On 21/09/2023 17:37, Dmitry Gutov wrote:
> We could look into improving that part specifically: for example, 
> reading from the process multiple times into 'chars' right away while 
> there is still pending output present (either looping inside 
> read_process_output, or calling it in a loop in 
> wait_reading_process_output, at least until the process' buffered output 
> is exhausted). That could reduce reactivity, however (can we find out 
> how much is already buffered in advance, and only loop until we exhaust 
> that length?)

Hmm, the naive patch below offers some improvement for the value 4096, 
but still not comparable to raising the buffer size: 0.76 -> 0.72.

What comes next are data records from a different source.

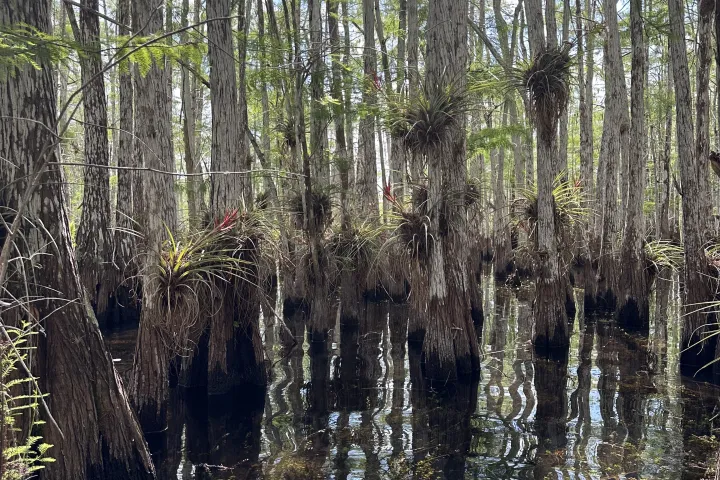 a group of people in a forest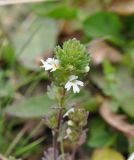 genus Euphrasia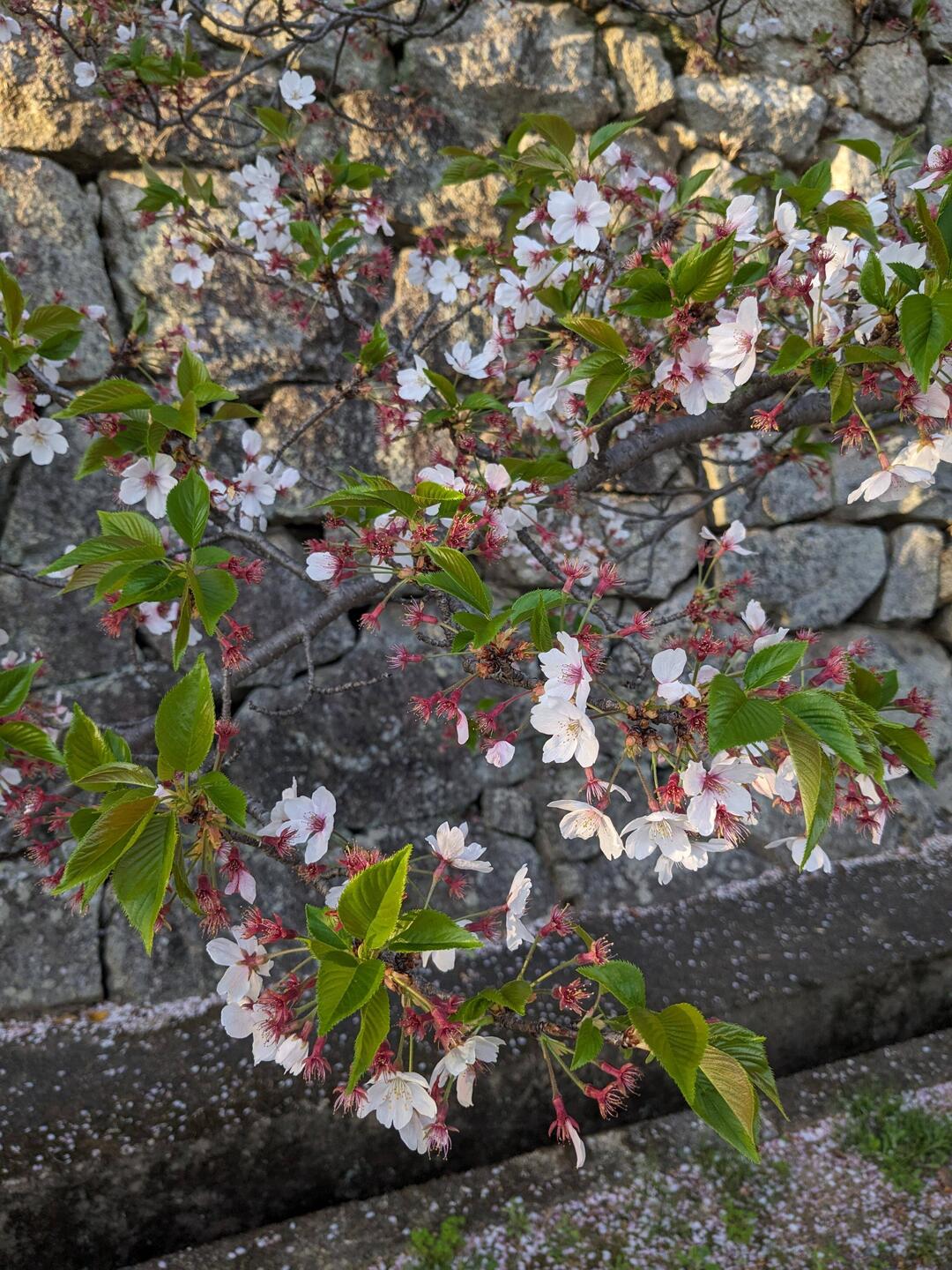 À cette période, les pétales sont bien tombées.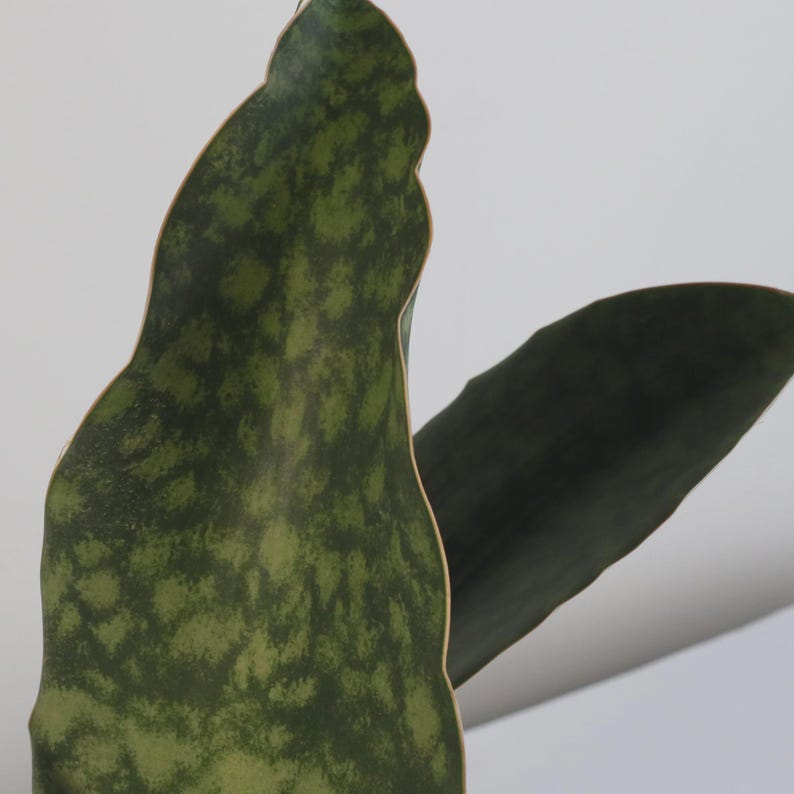 VerdantLyfe Snake Plant Sansevieria masoniana - Thumbnail 3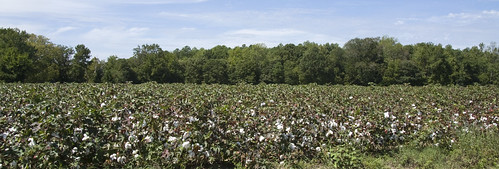 field virginia cotton chuckatuck 200809210010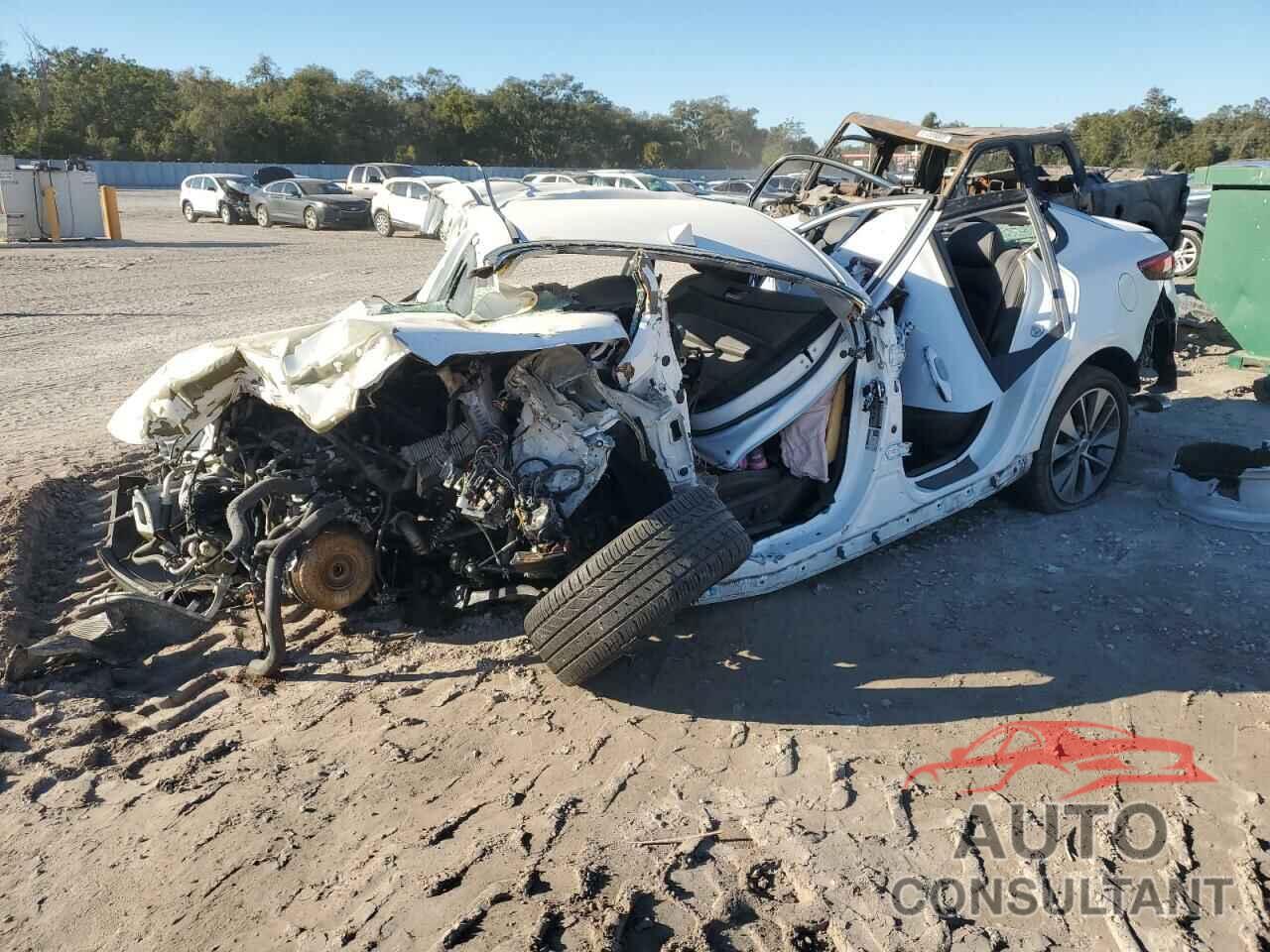 KIA OPTIMA 2019 - 5XXGT4L36KG288739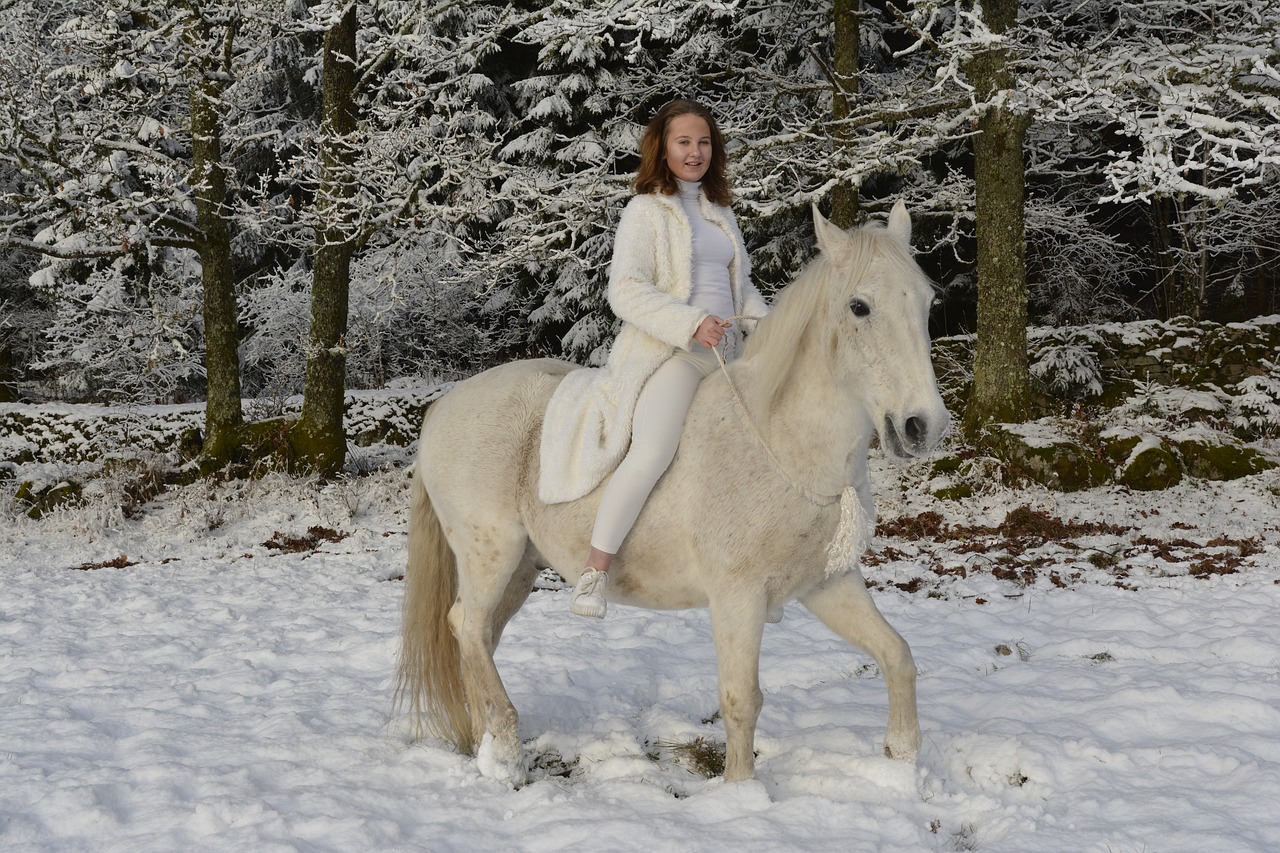snow beautiful horse free photo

diff --git a/src/process.c b/src/process.c
index 2376d0f288d..a550e223f78 100644
--- a/src/process.c
+++ b/src/process.c
@@ -5893,7 +5893,7 @@ wait_reading_process_output (intmax_t time_limit, 
int nsecs, int read_kbd,
  	      && ((fd_callback_info[channel].flags & (KEYBOARD_FD | PROCESS_FD))
  		  == PROCESS_FD))
  	    {
-	      int nread;
+	      int nread = 0, nnread;

  	      /* If waiting for this channel, arrange to return as
  		 soon as no more input to be processed.  No more
@@ -5912,7 +5912,13 @@ wait_reading_process_output (intmax_t time_limit, 
int nsecs, int read_kbd,
  	      /* Read data from the process, starting with our
  		 buffered-ahead character if we have one.  */

-	      nread = read_process_output (proc, channel);
+	      do
+		{
+		  nnread = read_process_output (proc, channel);
+		  nread += nnread;
+		}
+	      while (nnread >= 4096);
+
  	      if ((!wait_proc || wait_proc == XPROCESS (proc))
  		  && got_some_output < nread)
  		got_some_output = nread;


And "unlocking" the pipe size on the external process takes the 
performance further up a notch (by default it's much larger): 0.72 -> 0.65.

diff --git a/src/process.c b/src/process.c
index 2376d0f288d..85fc1b4d0c8 100644
--- a/src/process.c
+++ b/src/process.c
@@ -2206,10 +2206,10 @@ create_process (Lisp_Object process, char 
**new_argv, Lisp_Object current_dir)
        inchannel = p->open_fd[READ_FROM_SUBPROCESS];
        forkout = p->open_fd[SUBPROCESS_STDOUT];

-#if (defined (GNU_LINUX) || defined __ANDROID__)	\
-  && defined (F_SETPIPE_SZ)
-      fcntl (inchannel, F_SETPIPE_SZ, read_process_output_max);
-#endif /* (GNU_LINUX || __ANDROID__) && F_SETPIPE_SZ */
+/* #if (defined (GNU_LINUX) || defined __ANDROID__)	\ */
+/*   && defined (F_SETPIPE_SZ) */
+/*       fcntl (inchannel, F_SETPIPE_SZ, read_process_output_max); */
+/* #endif /\* (GNU_LINUX || __ANDROID__) && F_SETPIPE_SZ *\/ */
      }

    if (!NILP (p->stderrproc))

Apparently the patch from bug#55737 also made things a little worse by 
default, by limiting concurrency (the external process has to wait while 
the pipe is blocked, and by default Linux's pipe is larger). Just 
commenting it out makes performance a little better as well, though not 
as much as the two patches together.

Note that both changes above are just PoC (e.g. the hardcoded 4096, and 
probably other details like carryover).

I've tried to make a more nuanced loop inside read_process_output 
instead (as replacement for the first patch above), and so far it 
performs worse that the baseline. If anyone can see when I'm doing wrong 
(see attachment), comments are very welcome.